El olor de los libros nuevos

libros

Era diciembre, ¿o quizá noviembre?, y recuerdo a mi padre volver a casa por la noche con una bolsa plástica transparente llena de útiles escolares.

Sí, eran mis libros, cuadernos y otros útiles escolares, que me servirían el año siguiente, cuando entrare en Preparatoria.

Ese año no recuerdo mucho lo que pasó con mi vida. Creo que pasé más tiempo en la cama enfermo que estudiando. Primero habrá sido la hepatitis. O quizá antes fue una de las siete infecciones de oído que sufrí ese año y que me mantuvo delirante de fiebre. O un ataque de bichos que me llenó de ronchas amarillas todo el cuerpo.

Alguna vez, recuerdo, que un doctor particular llegó a la casa. No me quiero ni imaginar lo preocupados que estaban mis papás por mí, para que llegaran a ese punto de conseguir un doctor que llegara, algo que hoy por hoy consideraría imposible, a menos de que el médico fuese de la familia.

Al día siguiente, recuerdo que pude asistir al colegio y mis tareas escolares estaban realizadas, aunque yo no las hubiera podido hacer. Supongo que fue mi padre, y aún no se lo he agradecido. Muy probable es que no se recuerde si se lo menciono ahora.

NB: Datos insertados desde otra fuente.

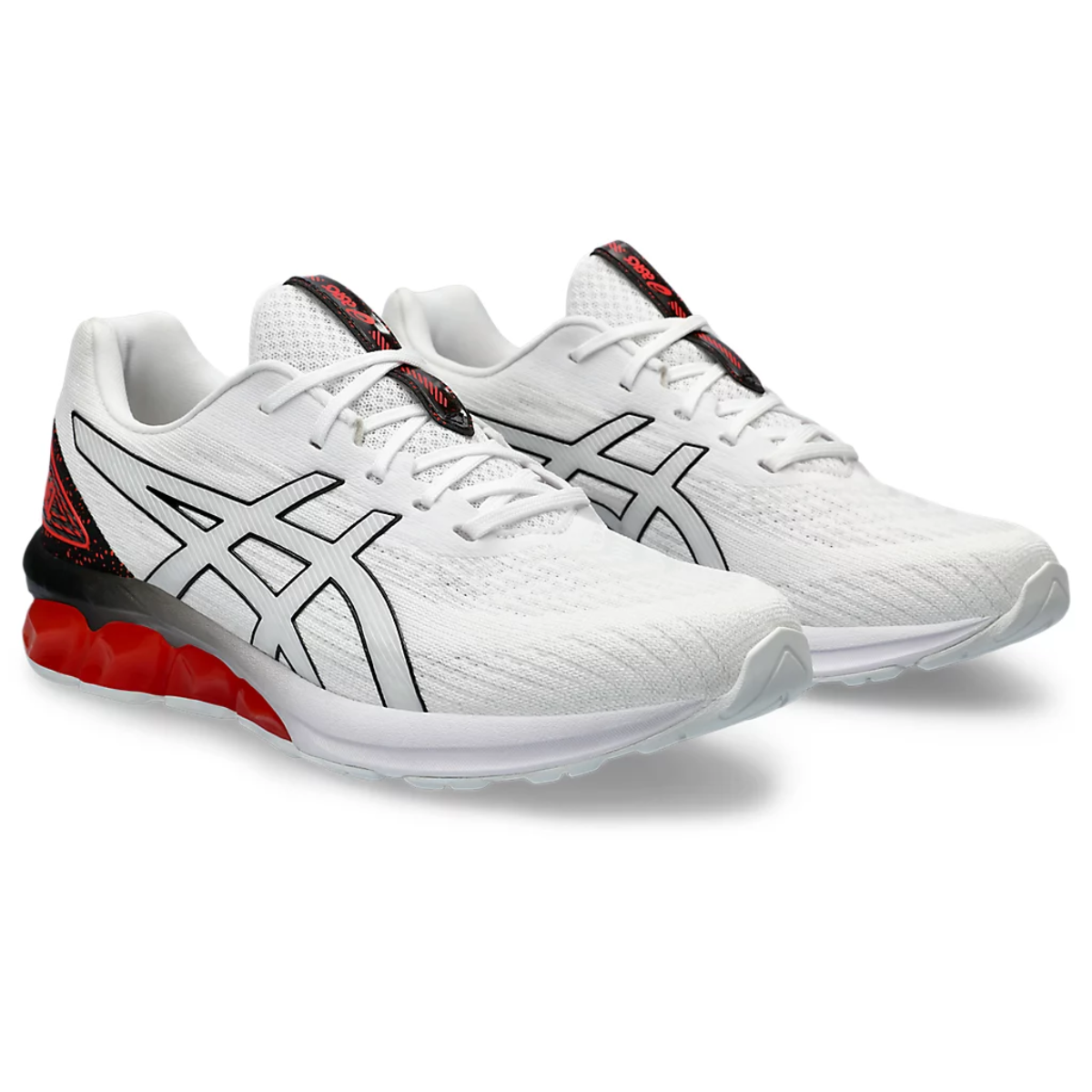 ASICS GEL-Quantum 180 VII (White/True Red)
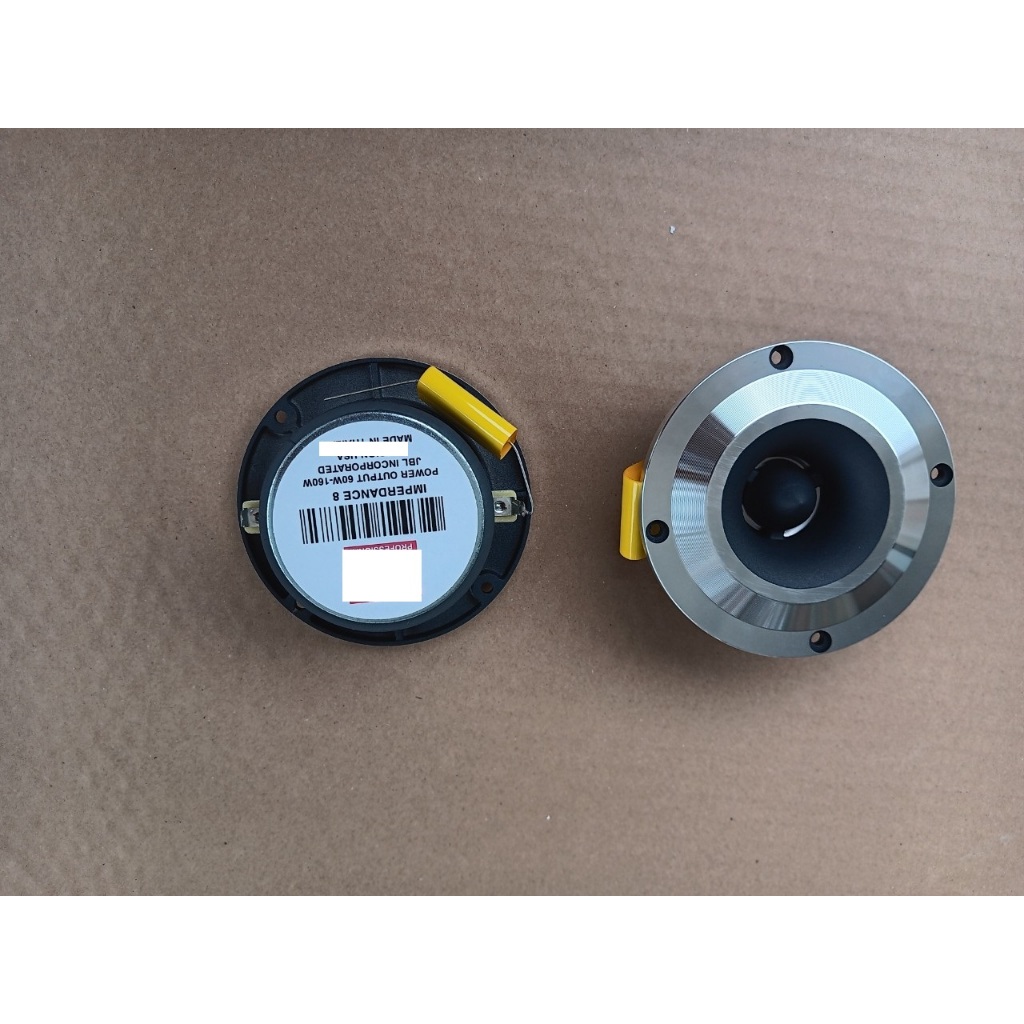 Loa treble rời màng Titan toàn vành 10 cm  từ 70 hàng nhập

En ese terrible año, aprendí a odiar los antibióticos. Aún no había muchas medicinas con el sabor a fresa de estos años. Antes sabían a hongos, equivalente a tragarse una onza de penicilina, que dejaban la boca y la lengua dormida con solo tragarla. Y no digamos el estómago, deshecho.

Aunque ya no recuerde el orden de mis enfermedades en ese año, lo que sí recuerdo fue ese momento en que mi padre, unas semanas antes de empezar la Preparatoria, llegara con todos mis libros.

Recuerdo que los devoré. No solo los hojeé. Creo que prácticamente repasé cada letra que tenían. También los cuadernos, especialmente los que no tenían líneas, que siempre adoré por encima de los cuadernos con líneas, cuadrícula y los odiosos de doble línea. Hoy día prefiero las hojas en blanco que los barrotes que suponen las líneas o cuadrículas.

También prefiero dibujar mis ideas, más que escribirlas, pero eso es otra entrada al blog.

En una noche, repasé todas las lecciones que vendrían. Aún por septiembre recordaba que el texto que recién me había dictado la maestra, yo ya la había leído y aprendido desde hacía mucho tiempo.

Desde entonces aprendí a amar el olor de los libros nuevos, que aún no sé a qué huele. Supongo que a papel, si es que queremos ser demasiado prosaicos. Pero huele a Cielo, al olor a las papelerías, como la Arimany de antes, de la 9ª. calle entre la 10ª. y 11 calle, en donde podías entrar a despacharte el papel que querías.

Ese olor de libro nuevo desaparece pronto. Pero a medida que vas avanzando en el libro, o vas escribiendo en el cuaderno, recuerdas el olor que tuvo, y los sigues amando. Como cuando amas a una persona y, a pesar de que vas conociendo sus defectos, aún recuerdas la primera vez que te deslumbraste por su belleza.

Ese año lo hubiera perdido, por mis enfermedades; creo que solo me salvó esa noche en que mi papá llegó con mis libros nuevos y yo los devoré.

A partir de entonces, el ritual se repetía y me encantaba hojear y oler mis libros nuevos antes de iniciar el ciclo escolar.

A muchos años de haber dejado de estudiar, extraño ese olor de libros nuevos y para compensar la nostalgia, de vez en cuando compro un cuaderno sin líneas y mi corazón se emociona y mi estómago se revuelve, reviviendo los momentos de tensión la noche previa a volver a estudiar.